In a career spanning three decades, Israel Wachs, the G. Whitney Snyder Professor of Chemical Engineering, has earned international renown for his research into catalysis.
The U.S. Environmental Protection Agency has honored Wachs with a Clean Air Technology award for a catalytic process he invented that converts paper-mill pollutants into formaldehyde.
The American Chemical Society (ACS) has given Wachs the George A. Olah Award for achievements in hydrocarbon and petroleum chemistry. The Chicago Catalysis Club has honored him with the Herman Pines Award for research accomplishments in catalysis over a five-year period.
In addition, Wachs holds three dozen patents and has published more than 300 technical articles.
Recently, Wachs added another top accolade when he was named a Fellow of the American Chemical Society (ACS). The honor is the highest bestowed by the society.
ACS, with more than 163,000 members worldwide, is the world’s largest scientific society. It launched its Fellows program in 2009 to recognize ACS members from academe, industry and government for achievements in and contributions to science, the profession and ACS.
A rare honor
Fewer than 1 percent of ACS’s members have been awarded the title of Fellow. Their ranks include three other Lehigh faculty members.
Leslie Sperling, professor emeritus of chemical engineering and also of materials science and engineering, is the author of 14 books and an expert in polymer networks and the properties of polymers.
Ned Heindel, the Howard S. Bunn Professor of Chemistry, is a former president of ACS.
And Jim Bohning, Lehigh’s chemistry historian, is the former director of oral history at the Chemical Heritage Foundation.

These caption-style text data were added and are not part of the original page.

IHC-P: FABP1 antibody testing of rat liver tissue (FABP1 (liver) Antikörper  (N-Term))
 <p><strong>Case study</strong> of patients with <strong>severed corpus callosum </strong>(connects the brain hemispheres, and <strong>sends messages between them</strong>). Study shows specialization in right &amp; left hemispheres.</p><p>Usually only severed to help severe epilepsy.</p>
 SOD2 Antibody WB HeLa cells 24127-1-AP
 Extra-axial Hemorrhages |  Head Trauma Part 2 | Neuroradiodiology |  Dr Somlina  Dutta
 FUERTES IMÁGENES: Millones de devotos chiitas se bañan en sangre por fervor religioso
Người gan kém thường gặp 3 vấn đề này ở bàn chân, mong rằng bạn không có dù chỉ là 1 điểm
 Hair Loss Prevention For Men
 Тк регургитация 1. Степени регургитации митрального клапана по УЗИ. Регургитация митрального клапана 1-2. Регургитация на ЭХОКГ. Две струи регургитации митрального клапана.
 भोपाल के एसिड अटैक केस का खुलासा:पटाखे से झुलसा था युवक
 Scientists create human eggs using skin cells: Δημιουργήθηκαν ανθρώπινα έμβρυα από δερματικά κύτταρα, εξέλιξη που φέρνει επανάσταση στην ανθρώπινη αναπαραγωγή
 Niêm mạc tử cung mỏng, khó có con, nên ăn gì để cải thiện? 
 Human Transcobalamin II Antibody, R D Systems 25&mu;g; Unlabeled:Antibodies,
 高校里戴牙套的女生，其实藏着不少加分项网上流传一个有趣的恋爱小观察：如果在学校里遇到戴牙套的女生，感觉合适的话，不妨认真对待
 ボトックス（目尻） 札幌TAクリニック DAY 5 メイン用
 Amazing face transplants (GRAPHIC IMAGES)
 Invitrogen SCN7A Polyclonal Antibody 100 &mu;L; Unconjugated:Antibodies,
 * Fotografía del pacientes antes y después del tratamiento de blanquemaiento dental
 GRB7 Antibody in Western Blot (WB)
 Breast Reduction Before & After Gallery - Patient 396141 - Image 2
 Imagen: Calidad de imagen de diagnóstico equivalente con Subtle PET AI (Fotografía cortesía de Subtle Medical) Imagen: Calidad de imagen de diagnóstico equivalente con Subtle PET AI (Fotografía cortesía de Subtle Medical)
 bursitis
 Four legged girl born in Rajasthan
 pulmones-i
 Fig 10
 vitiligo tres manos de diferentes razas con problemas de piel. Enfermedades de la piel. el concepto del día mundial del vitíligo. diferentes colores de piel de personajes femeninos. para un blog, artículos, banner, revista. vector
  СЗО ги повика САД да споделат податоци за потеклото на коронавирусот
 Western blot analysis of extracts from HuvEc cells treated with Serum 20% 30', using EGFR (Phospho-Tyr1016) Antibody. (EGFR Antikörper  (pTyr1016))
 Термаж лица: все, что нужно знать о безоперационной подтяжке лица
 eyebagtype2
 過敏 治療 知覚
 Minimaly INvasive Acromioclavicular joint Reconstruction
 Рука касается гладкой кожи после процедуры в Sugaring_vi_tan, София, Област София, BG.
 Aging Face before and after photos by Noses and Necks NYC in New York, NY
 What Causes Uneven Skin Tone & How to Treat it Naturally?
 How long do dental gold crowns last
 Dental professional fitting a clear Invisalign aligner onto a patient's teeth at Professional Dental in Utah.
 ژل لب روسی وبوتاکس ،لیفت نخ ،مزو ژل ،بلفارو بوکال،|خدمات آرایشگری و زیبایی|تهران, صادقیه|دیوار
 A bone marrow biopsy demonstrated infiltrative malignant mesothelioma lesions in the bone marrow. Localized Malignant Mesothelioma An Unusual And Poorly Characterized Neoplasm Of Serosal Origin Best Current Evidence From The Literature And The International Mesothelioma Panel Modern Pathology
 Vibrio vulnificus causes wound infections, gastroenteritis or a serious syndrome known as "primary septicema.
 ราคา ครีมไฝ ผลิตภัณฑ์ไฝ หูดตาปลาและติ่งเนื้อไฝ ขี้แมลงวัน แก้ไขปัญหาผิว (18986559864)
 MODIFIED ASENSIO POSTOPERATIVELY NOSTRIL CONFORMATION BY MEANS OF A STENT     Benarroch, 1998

Wachs and the other new Fellows were recognized at ACS’s fall national meeting in Denver on Aug. 29. The list of honorees includes Nobel Prize winners and members of the prestigious National Academies of Sciences, Engineering and Medicine.
At Lehigh, Wachs directs the Operando Molecular Spectroscopy and Catalysis Research Lab. He and his students investigate catalytic active sites and reaction intermediates under realistic reaction conditions, allowing direct correlation of molecular/electronic structures with catalyst performance and reaction kinetics.
Wachs is especially known for advancing the science of mixed metal-oxide heterogeneous catalysts and for his pioneering use of Raman spectroscopy, a technique used to study vibrational, rotational and other low-frequency modes in a material.
He has served as chairman of ACS’s Division of Catalysis Science and Technology, and has organized symposiums and awards committees for the society.